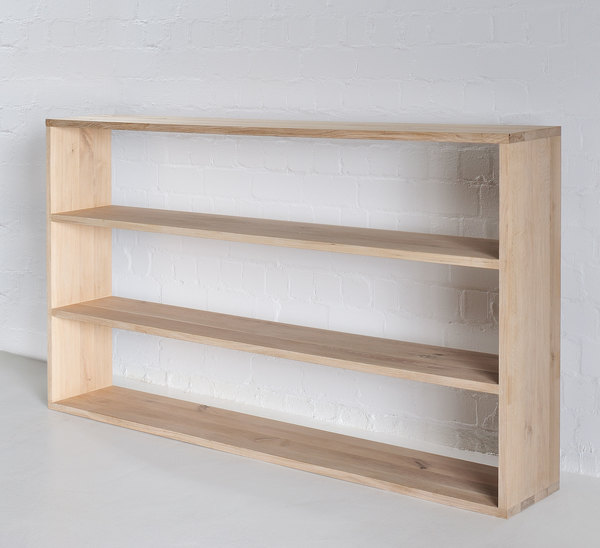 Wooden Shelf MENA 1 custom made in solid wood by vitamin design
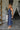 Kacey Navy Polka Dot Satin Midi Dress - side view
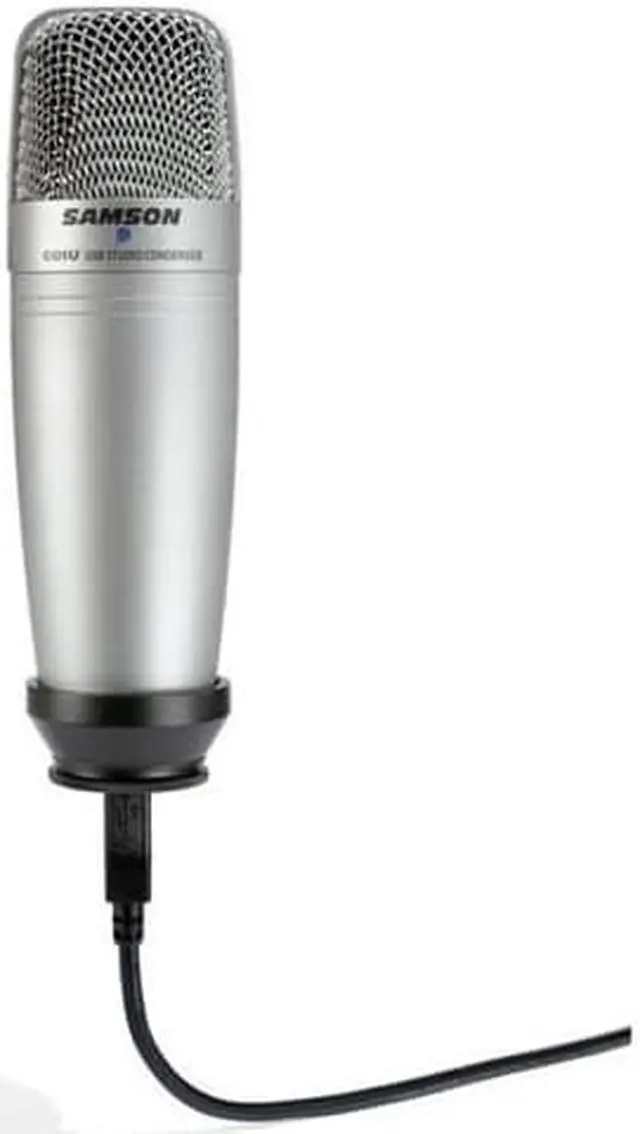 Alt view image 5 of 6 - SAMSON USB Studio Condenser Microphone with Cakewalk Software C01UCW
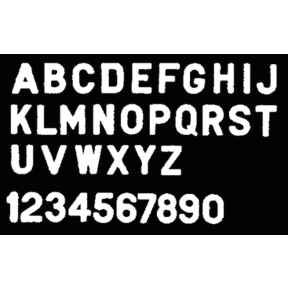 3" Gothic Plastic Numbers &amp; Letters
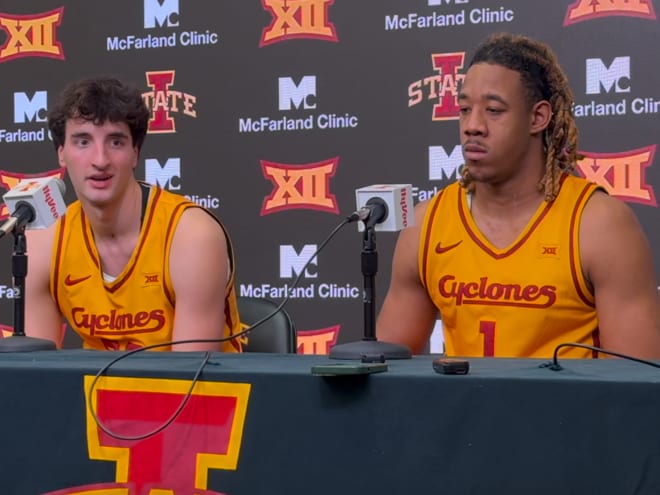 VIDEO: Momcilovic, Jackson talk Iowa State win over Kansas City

◆ Task prompt
Every word of the material, and none of its pictures, should be set down again.

◆ Reply
 Wooden Shelf MENA 1 custom made in solid wood by vitamin design
 Kacey Navy Polka Dot Satin Midi Dress - side view
 Alt view image 5 of 6 - SAMSON USB Studio Condenser Microphone with Cakewalk Software C01UCW
 3" Gothic Plastic Numbers &amp; Letters
 VIDEO: Momcilovic, Jackson talk Iowa State win over Kansas City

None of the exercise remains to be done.